I've been having trouble with my PayPal since I got married - it won't let me change my name so it won't see my bank accounts etc etc - so I need another option to donate too.

ETA - I could send a cheque?

Sarah xxx


----------



## dangermouse (Oct 4, 2008)

I have pm dom about sending my donation too


----------



## DomLangowski (Oct 2, 2008)

Sorry for the late reply again peeps ive been so busy, yes there is other options, i could give you our account details and you could pay cash over the counter at any barclays bank or a cheque would be fine also, if you want to do any of these methods please pm me and i will give you details.

I have also just added a tenner to boost the pot!

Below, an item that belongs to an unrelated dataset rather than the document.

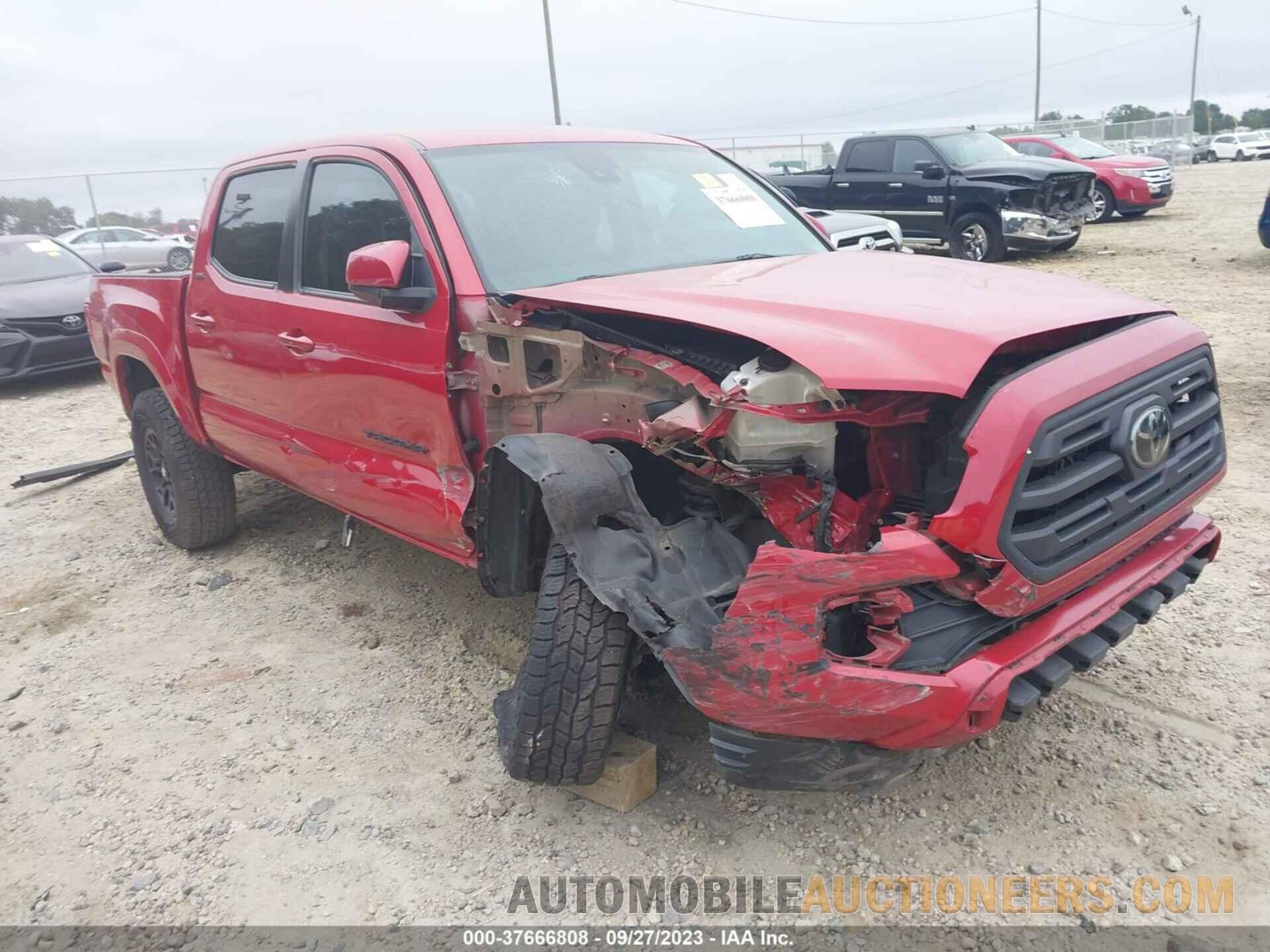 3TMAZ5CN0KM113056 TOYOTA TACOMA 2WD 2019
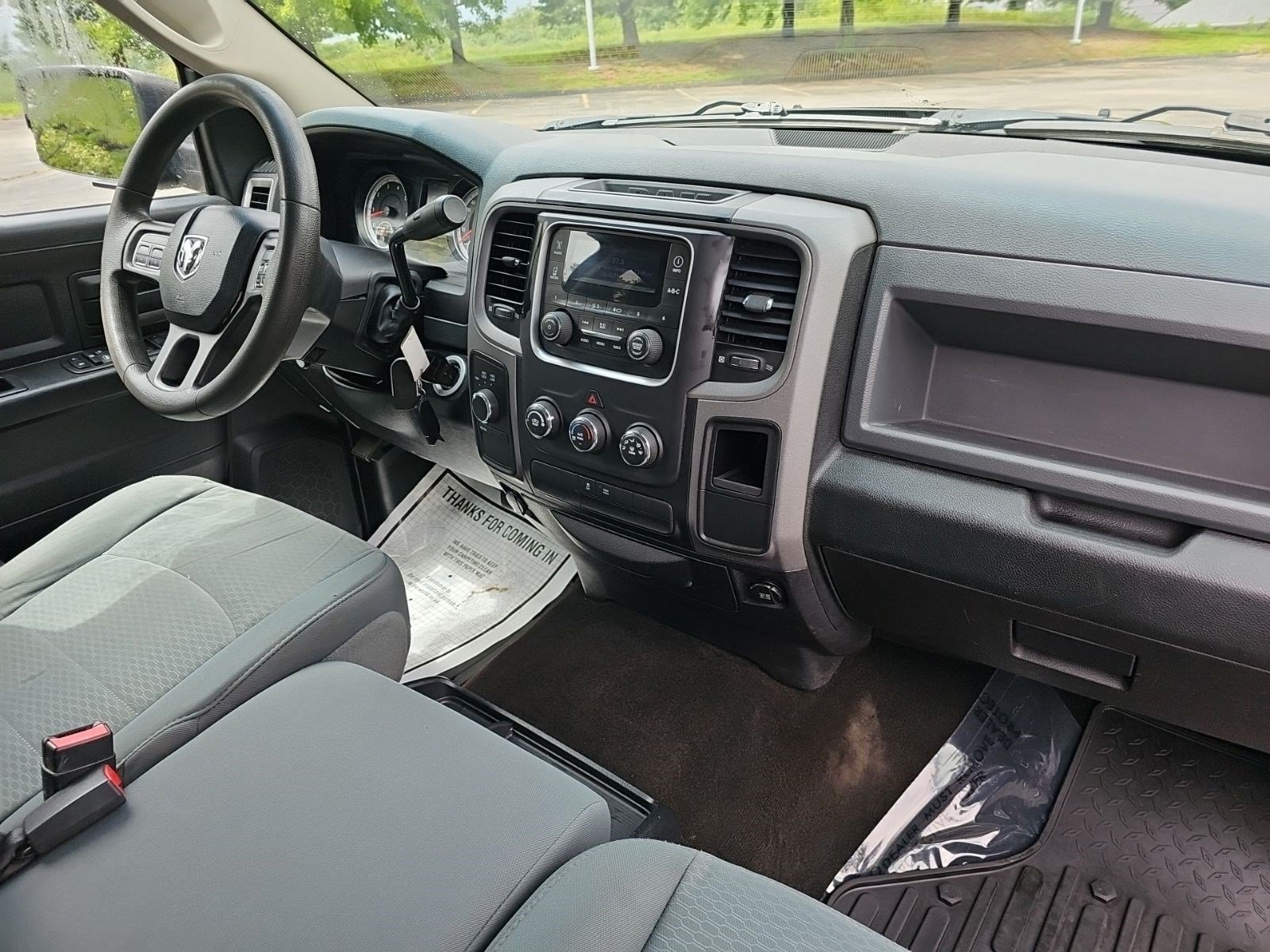 Used 2014 RAM 1500 Express AWD/4WD image 14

P.s thanks to Kage Davies for your donation.


----------



## DomLangowski (Oct 2, 2008)

Dragonfly-Stud said:


> Well whatever happens better happen soon I'm getting fed up with not being able to get on now, this last episode has been around a week for me now.
> 
> As for others going to another forum ..as far as I know there isn't one except for that freaky forum best not said.
> If this forum is not fixed then there is the danger of a new forum being built by somebody else I guess.


Just wanted to bring this topic back up and find out if anyone has had any issue's since the change over?


----------



## Sputnik (Mar 28, 2009)

What about those of us who are not allowed to have paypal or whatever (still live with parents) and cannot send cheques (not old enough)?

Also, I'm in Canada.

I'd love to donate but I don't see how I can.


----------



## DomLangowski (Oct 2, 2008)

Umm good question. Im not really sure to be honest.

One other member has sent money in the post in a card, not sure if you could do that. If you cant donate then there is noting we or you can do. Dont worry about it to much, its there for those that want to and can donate


----------